The store he's talking about is House of Tropics down on Rt. 50 in lower Price Hill. Good place, really big, although I've never bought fish from them. As some of you know, I stick with getting my fish things from Monfort Aquarium and Pets...family owned and operated for over thirty years like House of Tropics. I won't buy from Jack's or the chain stores, with the exception of the four otos we got recently (sale price plus my mom was doing a demo there so that was an addition % off I think.) So the only three that I -would- buy from are Monfort, House of Tropics, and if I ever win the lottery, Aquarium Adventure.

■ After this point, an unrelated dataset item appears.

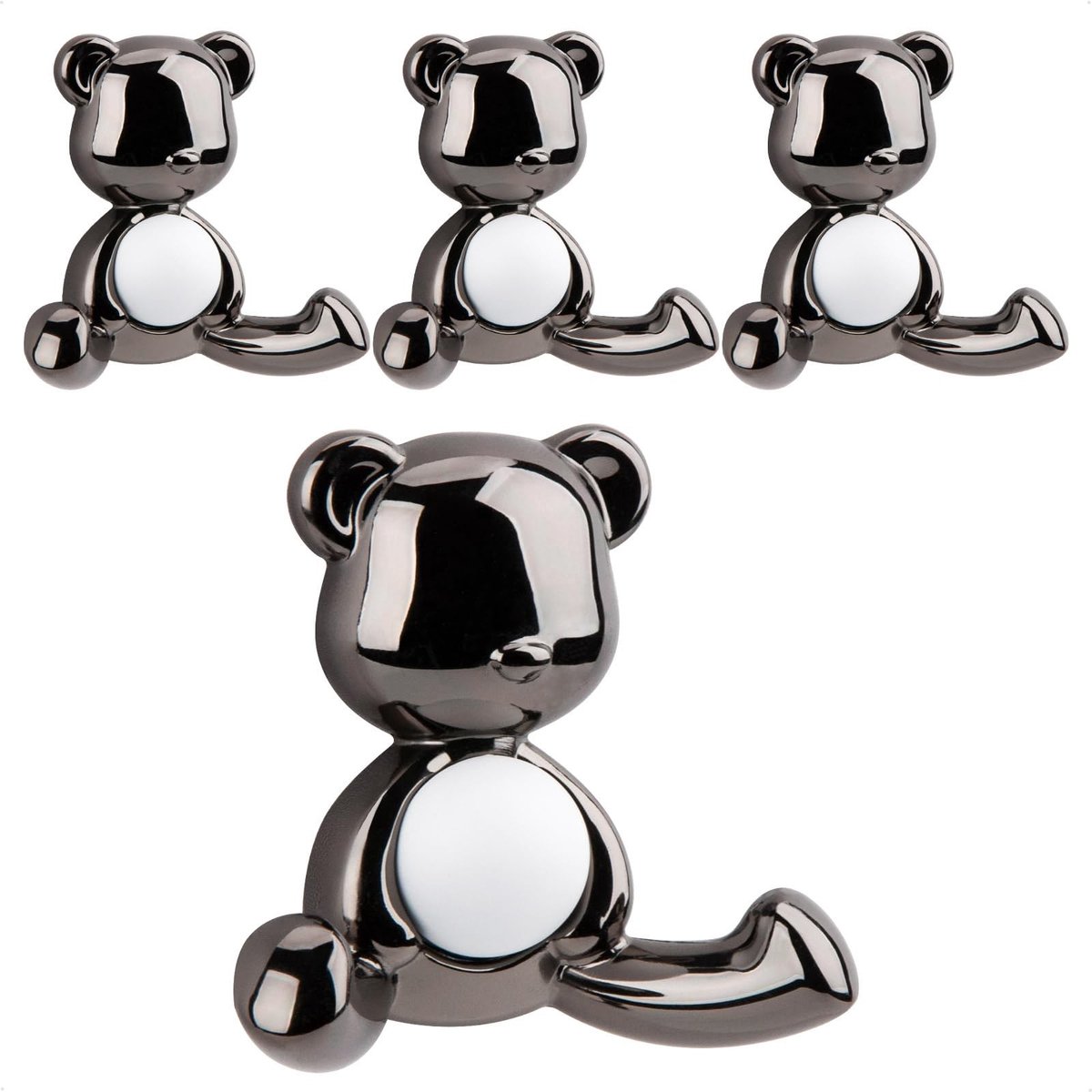 Elzusha - Muurhaken Set - 4 Stuks Zware Kapstokhaken met Beren Design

House of Tropics is ok with plants. Mostly low-light easy plants - swords, crypts, moss, a few stem plants. That's about all I remember them having.


----------



## ctmpwrdcamry (May 23, 2005)

I only shop AA because its local, the rest of the local places dont seem to know much or cant keep there tanks clean. It is pricy, but i shop there sales and have befriend the managers


----------



## ElectricHead (Sep 11, 2005)

Hello, Amingra
I am also new guy. I attended the last meeting at Matts house and everyone was great. I am in the process of converting a 58 gal reef setup into a freshwater planted tank. I have stuff coming in the mail right now and I still need to get up some cash to buy my co2 outfit. Been working on laying out my aquascape on paper so I have a plan and know what goes where when I finally am able setup.


----------



## molurus73 (Apr 15, 2005)

When AA first opened around here they were just awesome. Beautiful tanks. People seemed to know their stuff. Lately, the tanks have gone to crap, there is not very much selection and they are waaaayyyyyy overpriced on everything. I have bought fish from there on 2 separate occasions. Both time they got ich and half died. I don't go 'round them parts no more. Hopefully the C-bus stores are a lot better.


----------



## ctmpwrdcamry (May 23, 2005)

They have their days. Most of the time they do well. They are alittle more expensive, but not much more so than anything else. there tanks are MUCH cleaner than anything else around here. I also know when the fish come in, so i can let them get them healthy and stablize them before i take the mhome


----------



## EcleckticGirl (Jul 26, 2005)

Simpte 27 said:


> Joe is a good guy. He knows his cichlids also. Other than that............... well lets just say Joe is a good guy.


LOL, Well, I am a newbie. At least he did not say anything so blatantly rule of thumb (if you have a really huge thumb) like I have heard some folks say at some of the marts. But I get your point.


----------



## amingra (Oct 9, 2005)

Where is Monfort?


----------



## molurus73 (Apr 15, 2005)

Colerain avenue. Just south of Northgate mall. Well, not _just_ south. From 275 go south until you pass Galbraith rd. On the left hand side. Kroger is on the right.


----------